Ransom clock is ticking down

Only hours remain to meet the demands of hackers who broke into the Virginia Department of Health database and downloaded millions of prescription records that the state keeps on narcotics and painkillers. The hackers replaced the site's home page with a ransom note demanding ten million dollars for a password to restore access to the database.

"It's an odd and puzzling crime," said Dale Bennett of the FBI. "Particularly odd was their choice of password - 'OxyCotton'. It only took us about an hour to crack that one. If they'd been able to spell OxyContin correctly, we would have cracked it in under five minutes."

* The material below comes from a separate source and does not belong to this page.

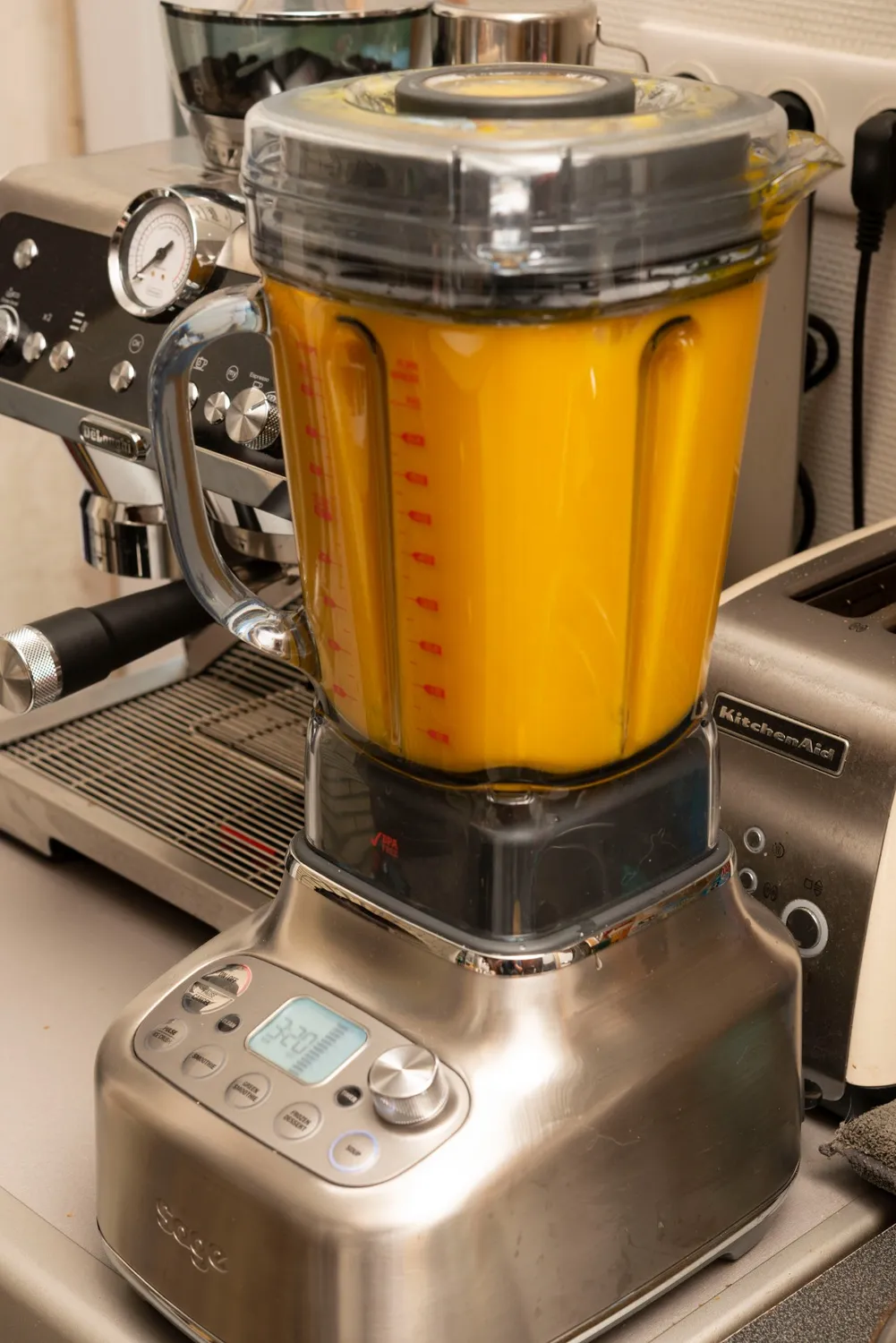 Sage Super Q blender 2400W inox brossé 2 L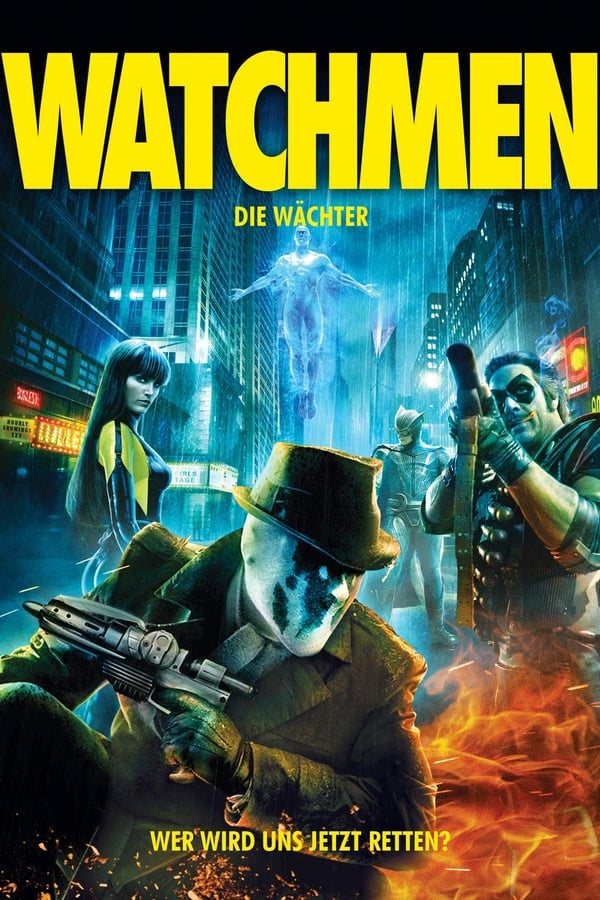 DE - Watchmen: Die Wächter (2009)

"Right now, our biggest challenge is figuring out what they plan on doing if we don't pay the ransom," explains Bennett. "They've got it all set up with a PayPal account, and those things are so secure that we don't have a prayer of identifying the owner. But ten million dollars, that's a lot to pay for a bunch of prescription data. I guess it's conceivable that they might try going through the data and trying to find somebody to blackmail, but I don't know, it seems that Rush Limbaugh has made it perfectly acceptable for an American citizen to take all the prescription drugs they want."

"There's a very good chance that we'll just let the deadline pass without taking action," says Sandra Whitley Ryals, the director of Virginia's Department of Health. "My kid's got a softball game this evening, and quite frankly, I'm not sure why the heck we started tracking this type of information to begin with."